* _What this task involves_:
The data below holds a line containing "Used Volkswagen Gran" and a line containing "terraza y acceso 1 dormitorios"; please quote exactly those two lines and every line between them, and nothing else.

+++ Dataset extract

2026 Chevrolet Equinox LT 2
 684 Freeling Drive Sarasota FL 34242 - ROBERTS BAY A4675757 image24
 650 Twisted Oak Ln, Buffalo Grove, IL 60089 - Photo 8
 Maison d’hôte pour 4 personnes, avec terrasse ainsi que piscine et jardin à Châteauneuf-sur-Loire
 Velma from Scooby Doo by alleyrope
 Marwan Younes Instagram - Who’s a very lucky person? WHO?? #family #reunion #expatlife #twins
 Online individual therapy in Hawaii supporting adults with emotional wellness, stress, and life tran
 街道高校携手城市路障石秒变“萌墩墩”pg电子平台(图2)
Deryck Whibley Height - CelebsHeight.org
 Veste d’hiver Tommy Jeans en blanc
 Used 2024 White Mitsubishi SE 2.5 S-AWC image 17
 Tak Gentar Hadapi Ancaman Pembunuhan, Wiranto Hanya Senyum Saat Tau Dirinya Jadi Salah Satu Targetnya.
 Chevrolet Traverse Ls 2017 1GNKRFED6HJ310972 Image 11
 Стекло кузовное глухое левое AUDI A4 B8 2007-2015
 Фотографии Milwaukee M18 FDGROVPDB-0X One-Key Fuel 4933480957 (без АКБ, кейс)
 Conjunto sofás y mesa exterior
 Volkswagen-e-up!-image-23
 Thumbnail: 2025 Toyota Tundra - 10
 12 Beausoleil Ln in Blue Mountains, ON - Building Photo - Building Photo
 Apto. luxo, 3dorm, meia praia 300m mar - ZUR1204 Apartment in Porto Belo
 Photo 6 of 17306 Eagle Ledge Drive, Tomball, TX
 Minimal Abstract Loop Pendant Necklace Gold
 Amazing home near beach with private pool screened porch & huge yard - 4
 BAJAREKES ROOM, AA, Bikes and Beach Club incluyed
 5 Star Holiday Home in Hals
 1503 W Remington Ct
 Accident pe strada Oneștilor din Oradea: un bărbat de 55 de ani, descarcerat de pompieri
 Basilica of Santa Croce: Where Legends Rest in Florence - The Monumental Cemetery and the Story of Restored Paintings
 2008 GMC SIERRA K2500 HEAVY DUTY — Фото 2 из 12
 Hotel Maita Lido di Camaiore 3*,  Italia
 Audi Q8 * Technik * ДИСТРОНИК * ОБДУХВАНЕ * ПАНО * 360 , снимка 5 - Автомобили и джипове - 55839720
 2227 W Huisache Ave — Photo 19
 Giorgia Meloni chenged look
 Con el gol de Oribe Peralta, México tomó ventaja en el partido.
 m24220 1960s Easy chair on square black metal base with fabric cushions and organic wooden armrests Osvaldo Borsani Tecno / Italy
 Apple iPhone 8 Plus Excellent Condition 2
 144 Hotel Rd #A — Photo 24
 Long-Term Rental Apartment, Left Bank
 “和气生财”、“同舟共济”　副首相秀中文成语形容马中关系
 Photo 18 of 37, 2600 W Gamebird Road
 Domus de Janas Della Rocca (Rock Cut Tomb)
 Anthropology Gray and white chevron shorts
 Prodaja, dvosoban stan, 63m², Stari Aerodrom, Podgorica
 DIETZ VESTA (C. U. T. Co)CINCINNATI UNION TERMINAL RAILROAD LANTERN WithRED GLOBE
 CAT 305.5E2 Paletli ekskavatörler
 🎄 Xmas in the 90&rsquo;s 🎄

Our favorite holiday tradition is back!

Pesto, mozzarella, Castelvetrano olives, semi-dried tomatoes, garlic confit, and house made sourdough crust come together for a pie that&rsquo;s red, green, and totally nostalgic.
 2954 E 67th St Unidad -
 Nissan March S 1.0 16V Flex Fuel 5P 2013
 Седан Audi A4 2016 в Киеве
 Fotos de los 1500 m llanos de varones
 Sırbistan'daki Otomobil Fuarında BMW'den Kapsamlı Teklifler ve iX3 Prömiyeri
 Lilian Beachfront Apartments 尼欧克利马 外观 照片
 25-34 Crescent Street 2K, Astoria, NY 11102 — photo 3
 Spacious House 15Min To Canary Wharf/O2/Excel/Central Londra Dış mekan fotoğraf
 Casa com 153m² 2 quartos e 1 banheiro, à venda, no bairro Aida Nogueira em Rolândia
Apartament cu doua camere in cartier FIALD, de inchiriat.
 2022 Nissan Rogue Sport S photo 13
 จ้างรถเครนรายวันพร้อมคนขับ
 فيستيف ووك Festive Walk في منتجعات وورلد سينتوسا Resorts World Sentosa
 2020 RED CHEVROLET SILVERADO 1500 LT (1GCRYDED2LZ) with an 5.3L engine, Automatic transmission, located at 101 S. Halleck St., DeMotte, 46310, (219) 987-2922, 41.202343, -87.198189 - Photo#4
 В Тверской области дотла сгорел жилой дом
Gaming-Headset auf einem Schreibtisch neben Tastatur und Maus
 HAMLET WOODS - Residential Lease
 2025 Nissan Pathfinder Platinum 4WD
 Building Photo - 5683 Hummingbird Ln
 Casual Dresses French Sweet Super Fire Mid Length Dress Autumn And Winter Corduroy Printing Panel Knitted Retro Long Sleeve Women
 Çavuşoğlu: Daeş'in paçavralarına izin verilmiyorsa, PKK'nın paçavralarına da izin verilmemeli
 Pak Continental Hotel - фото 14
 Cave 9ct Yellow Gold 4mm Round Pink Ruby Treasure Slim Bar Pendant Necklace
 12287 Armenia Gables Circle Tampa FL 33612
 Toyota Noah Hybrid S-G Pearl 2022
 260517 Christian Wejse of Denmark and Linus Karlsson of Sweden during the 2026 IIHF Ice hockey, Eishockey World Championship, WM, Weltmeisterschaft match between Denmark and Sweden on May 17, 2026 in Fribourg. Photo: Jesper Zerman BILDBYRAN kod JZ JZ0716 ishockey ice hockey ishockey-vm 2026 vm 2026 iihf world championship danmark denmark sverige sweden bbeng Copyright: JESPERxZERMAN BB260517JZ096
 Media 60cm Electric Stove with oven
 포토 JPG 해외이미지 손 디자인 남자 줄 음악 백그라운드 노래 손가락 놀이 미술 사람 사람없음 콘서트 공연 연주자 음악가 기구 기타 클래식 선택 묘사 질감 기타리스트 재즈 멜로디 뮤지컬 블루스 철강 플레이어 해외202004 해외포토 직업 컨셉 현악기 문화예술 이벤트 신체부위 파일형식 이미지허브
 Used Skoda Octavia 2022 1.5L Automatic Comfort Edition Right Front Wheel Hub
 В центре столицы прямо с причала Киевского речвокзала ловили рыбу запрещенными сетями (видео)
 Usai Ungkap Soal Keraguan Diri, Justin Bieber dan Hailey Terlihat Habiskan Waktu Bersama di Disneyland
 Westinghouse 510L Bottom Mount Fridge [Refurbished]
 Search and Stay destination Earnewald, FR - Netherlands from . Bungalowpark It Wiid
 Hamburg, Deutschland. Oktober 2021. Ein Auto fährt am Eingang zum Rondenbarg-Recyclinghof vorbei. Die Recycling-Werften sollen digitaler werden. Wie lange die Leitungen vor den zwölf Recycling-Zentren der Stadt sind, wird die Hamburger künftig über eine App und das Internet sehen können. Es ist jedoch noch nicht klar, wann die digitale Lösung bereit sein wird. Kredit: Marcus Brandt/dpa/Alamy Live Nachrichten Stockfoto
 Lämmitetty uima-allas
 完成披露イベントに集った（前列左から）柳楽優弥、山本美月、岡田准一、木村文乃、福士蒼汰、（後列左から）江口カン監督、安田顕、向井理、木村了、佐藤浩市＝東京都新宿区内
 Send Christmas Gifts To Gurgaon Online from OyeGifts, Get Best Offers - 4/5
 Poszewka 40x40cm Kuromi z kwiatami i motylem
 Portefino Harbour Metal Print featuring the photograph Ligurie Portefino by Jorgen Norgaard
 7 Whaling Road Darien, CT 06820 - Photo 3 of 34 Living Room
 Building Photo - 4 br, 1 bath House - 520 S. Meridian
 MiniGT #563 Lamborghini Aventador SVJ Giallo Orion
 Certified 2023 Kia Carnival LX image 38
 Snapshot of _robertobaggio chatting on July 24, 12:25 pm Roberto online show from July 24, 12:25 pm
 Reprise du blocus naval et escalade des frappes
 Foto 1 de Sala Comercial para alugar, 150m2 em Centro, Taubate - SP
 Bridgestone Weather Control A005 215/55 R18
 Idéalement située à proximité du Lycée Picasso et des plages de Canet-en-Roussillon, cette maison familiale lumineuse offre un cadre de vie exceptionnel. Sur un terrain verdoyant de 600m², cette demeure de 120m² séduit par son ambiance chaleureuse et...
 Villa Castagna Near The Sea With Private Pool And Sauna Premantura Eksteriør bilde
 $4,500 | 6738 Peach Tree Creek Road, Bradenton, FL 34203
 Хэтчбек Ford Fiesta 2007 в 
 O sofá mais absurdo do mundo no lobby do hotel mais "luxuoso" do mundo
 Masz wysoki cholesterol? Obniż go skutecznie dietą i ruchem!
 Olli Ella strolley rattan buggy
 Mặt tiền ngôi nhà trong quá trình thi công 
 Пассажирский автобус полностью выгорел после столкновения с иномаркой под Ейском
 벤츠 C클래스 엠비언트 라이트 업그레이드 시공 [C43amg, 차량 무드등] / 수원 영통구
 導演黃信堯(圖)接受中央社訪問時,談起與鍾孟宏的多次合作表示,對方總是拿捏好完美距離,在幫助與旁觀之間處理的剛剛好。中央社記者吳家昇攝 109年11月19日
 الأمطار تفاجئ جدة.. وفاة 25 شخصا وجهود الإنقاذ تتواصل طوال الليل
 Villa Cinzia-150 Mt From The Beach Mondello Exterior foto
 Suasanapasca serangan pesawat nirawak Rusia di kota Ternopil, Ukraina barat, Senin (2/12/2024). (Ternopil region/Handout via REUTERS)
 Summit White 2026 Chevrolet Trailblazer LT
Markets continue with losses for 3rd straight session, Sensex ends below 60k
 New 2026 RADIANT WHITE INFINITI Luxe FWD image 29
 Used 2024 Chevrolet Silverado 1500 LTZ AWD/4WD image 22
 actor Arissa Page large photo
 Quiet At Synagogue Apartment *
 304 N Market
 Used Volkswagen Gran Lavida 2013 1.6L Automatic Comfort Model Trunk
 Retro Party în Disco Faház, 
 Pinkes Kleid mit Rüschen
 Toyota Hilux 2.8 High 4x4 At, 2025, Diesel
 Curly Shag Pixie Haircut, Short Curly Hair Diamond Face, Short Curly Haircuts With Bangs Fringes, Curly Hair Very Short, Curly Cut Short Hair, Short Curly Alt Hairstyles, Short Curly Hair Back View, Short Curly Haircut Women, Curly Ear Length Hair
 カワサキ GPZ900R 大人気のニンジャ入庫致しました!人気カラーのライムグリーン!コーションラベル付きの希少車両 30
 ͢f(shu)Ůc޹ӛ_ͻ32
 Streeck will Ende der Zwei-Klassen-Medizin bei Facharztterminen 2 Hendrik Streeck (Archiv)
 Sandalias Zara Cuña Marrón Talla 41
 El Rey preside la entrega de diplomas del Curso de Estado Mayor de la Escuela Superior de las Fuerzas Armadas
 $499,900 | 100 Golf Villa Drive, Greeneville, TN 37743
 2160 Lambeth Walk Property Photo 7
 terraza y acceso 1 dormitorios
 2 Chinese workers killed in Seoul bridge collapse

++++++

* _Your response_:
 Used Volkswagen Gran Lavida 2013 1.6L Automatic Comfort Model Trunk
 Retro Party în Disco Faház, 
 Pinkes Kleid mit Rüschen
 Toyota Hilux 2.8 High 4x4 At, 2025, Diesel
 Curly Shag Pixie Haircut, Short Curly Hair Diamond Face, Short Curly Haircuts With Bangs Fringes, Curly Hair Very Short, Curly Cut Short Hair, Short Curly Alt Hairstyles, Short Curly Hair Back View, Short Curly Haircut Women, Curly Ear Length Hair
 カワサキ GPZ900R 大人気のニンジャ入庫致しました!人気カラーのライムグリーン!コーションラベル付きの希少車両 30
 ͢f(shu)Ůc޹ӛ_ͻ32
 Streeck will Ende der Zwei-Klassen-Medizin bei Facharztterminen 2 Hendrik Streeck (Archiv)
 Sandalias Zara Cuña Marrón Talla 41
 El Rey preside la entrega de diplomas del Curso de Estado Mayor de la Escuela Superior de las Fuerzas Armadas
 $499,900 | 100 Golf Villa Drive, Greeneville, TN 37743
 2160 Lambeth Walk Property Photo 7
 terraza y acceso 1 dormitorios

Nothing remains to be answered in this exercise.